**Records for processing**:

───

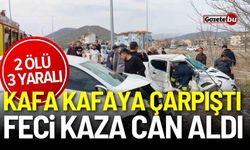 İki otomobil kafa kafaya çarpıştı: 2 ölü, 3 yaralı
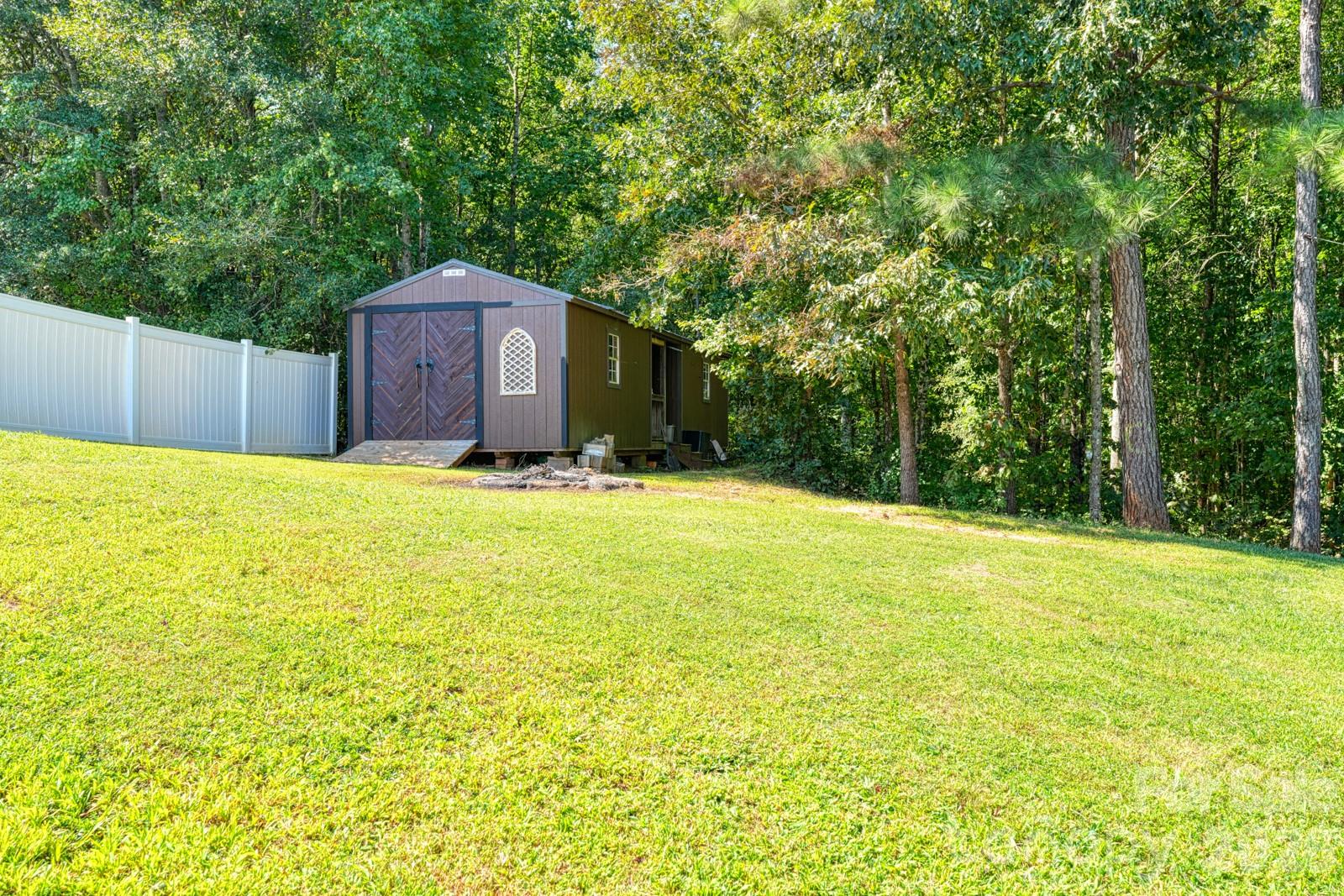 1281 Twin Bridge Road Gaffney, SC 29341 - Photo 31 of 38 Gallery Image 31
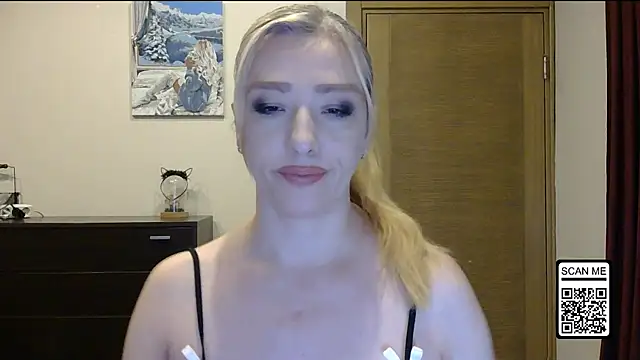 Snapshot of Wild_Silk_Desire chatting on 11-08-25, 02:39 Wild Silk Desire online show from 11-08-25, 02:39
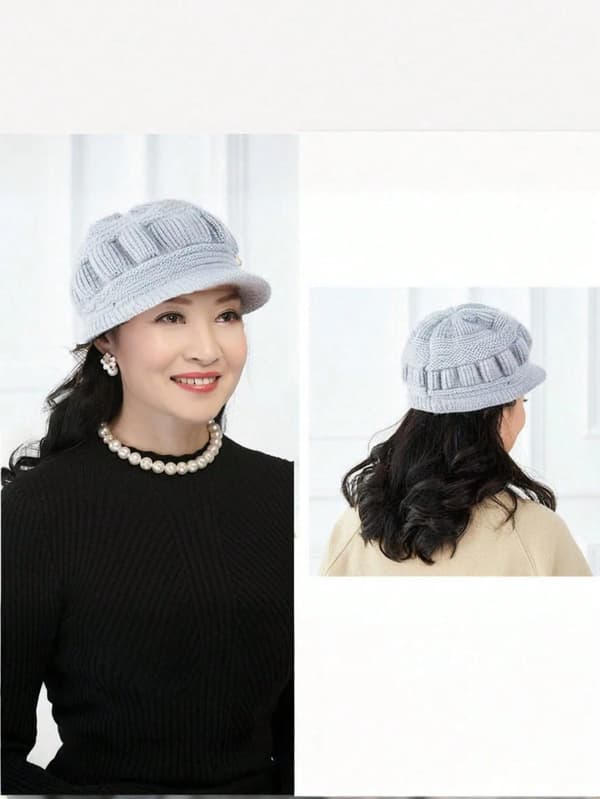 Naisten hattu{HW}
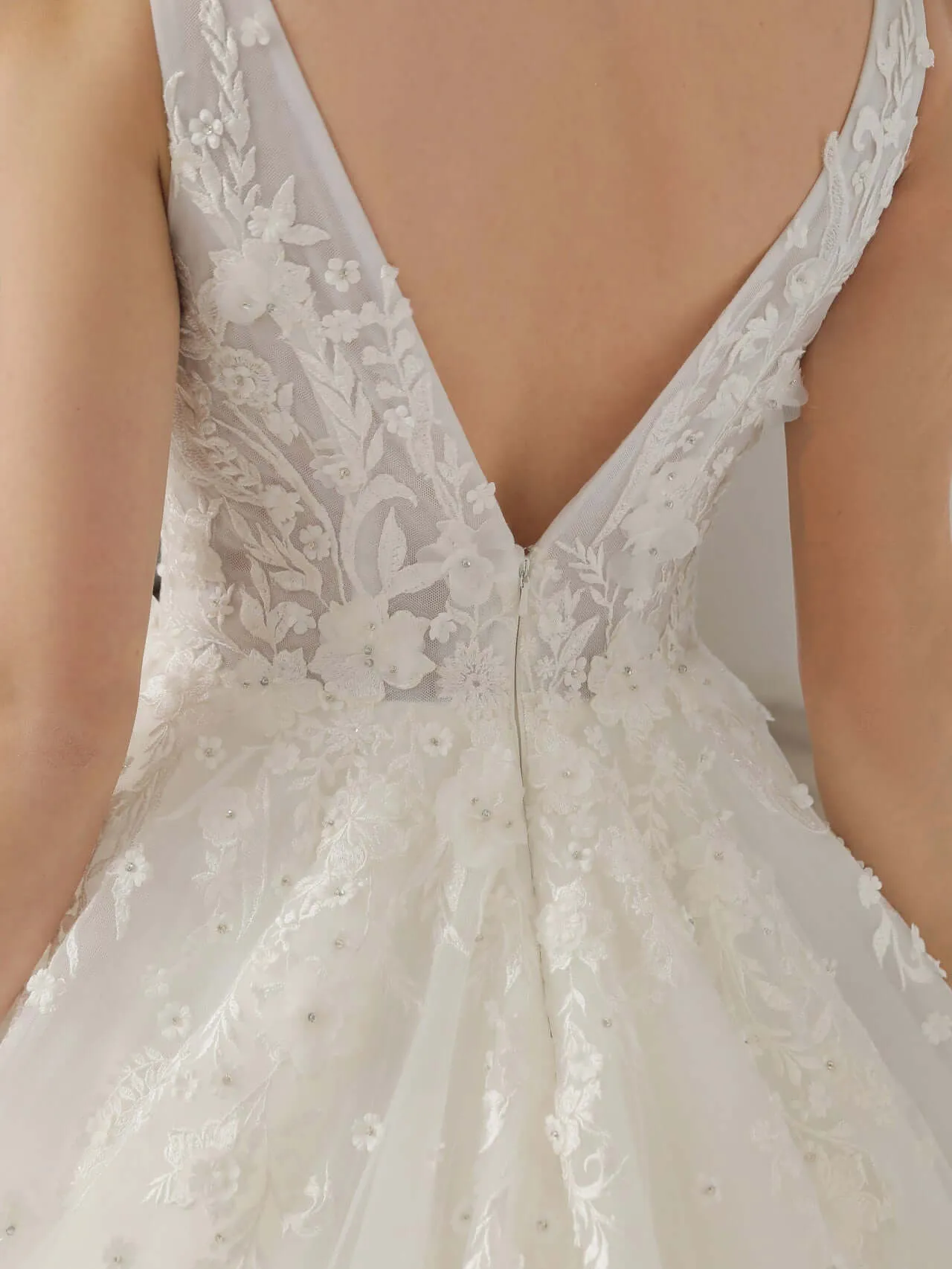 Sleeveless A-line Wedding Dress with Rhinestones | Isabella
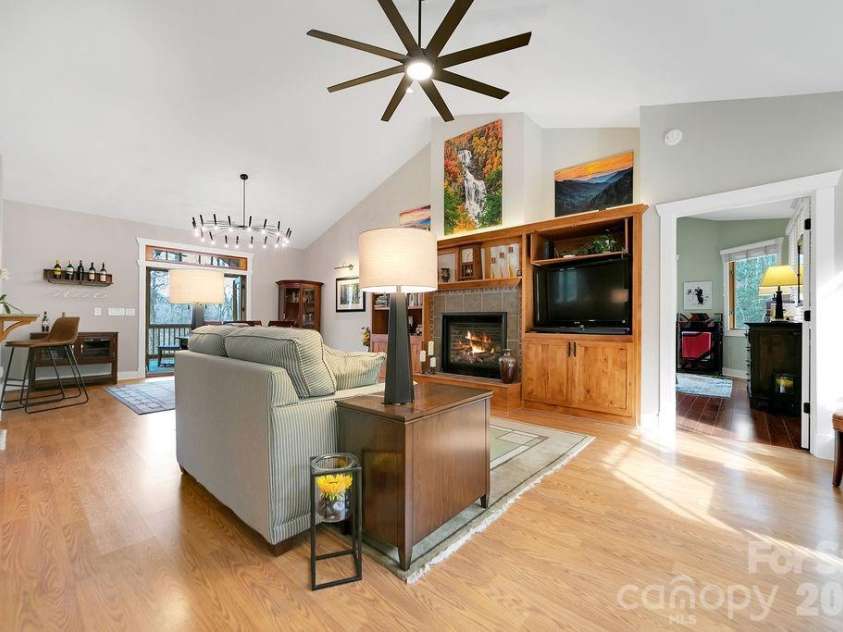 141 Bruce Circle, Pisgah Forest, NC 28768.  MLS# CAR4343499, YatesRealty ID 24950. 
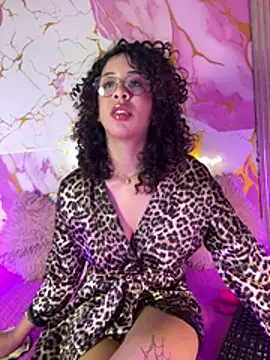 Woo isDaphne online show from 9, 7, 2026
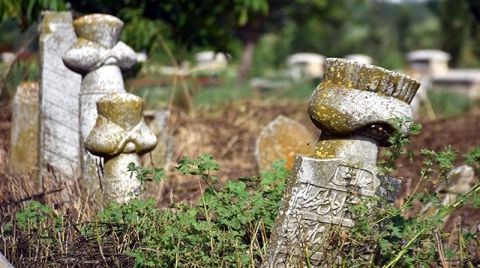 Osmanlı Mezarlığı'nın Taşları Dolgu için Kullanılmış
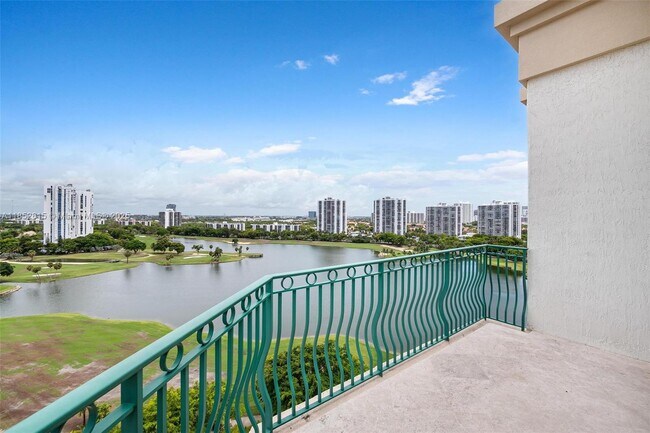 Building Photo - 20000 E Country Club Dr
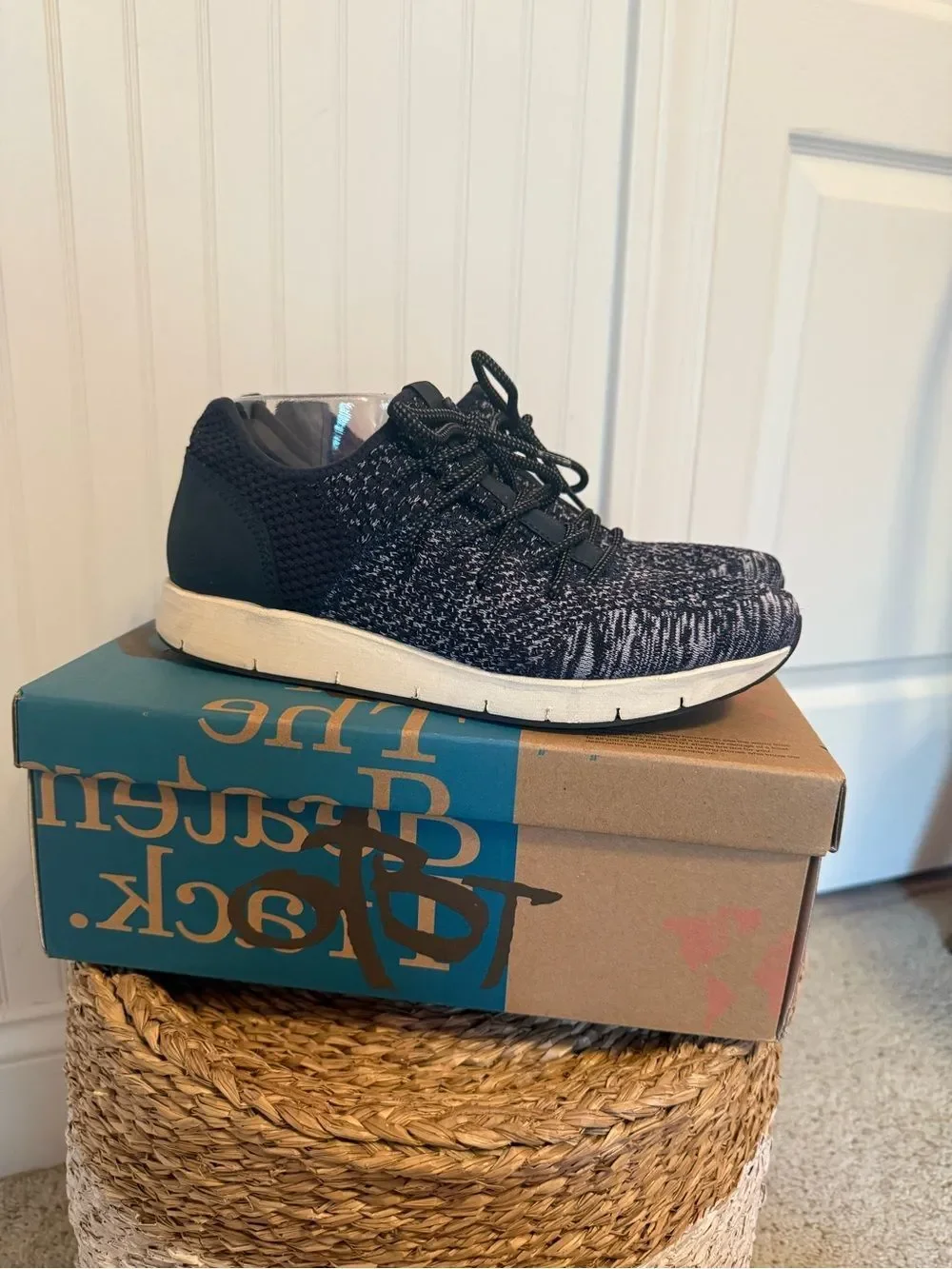 OTBT Women's Blue and White Knit Lace-Up Sneakers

───

**What to do**:
Your task is to write out, exactly and without pictures, only the lines from the one holding "Building Photo - 20000 E Country Club Dr" to the last line of the data.

**Reply**:
 Building Photo - 20000 E Country Club Dr
 OTBT Women's Blue and White Knit Lace-Up Sneakers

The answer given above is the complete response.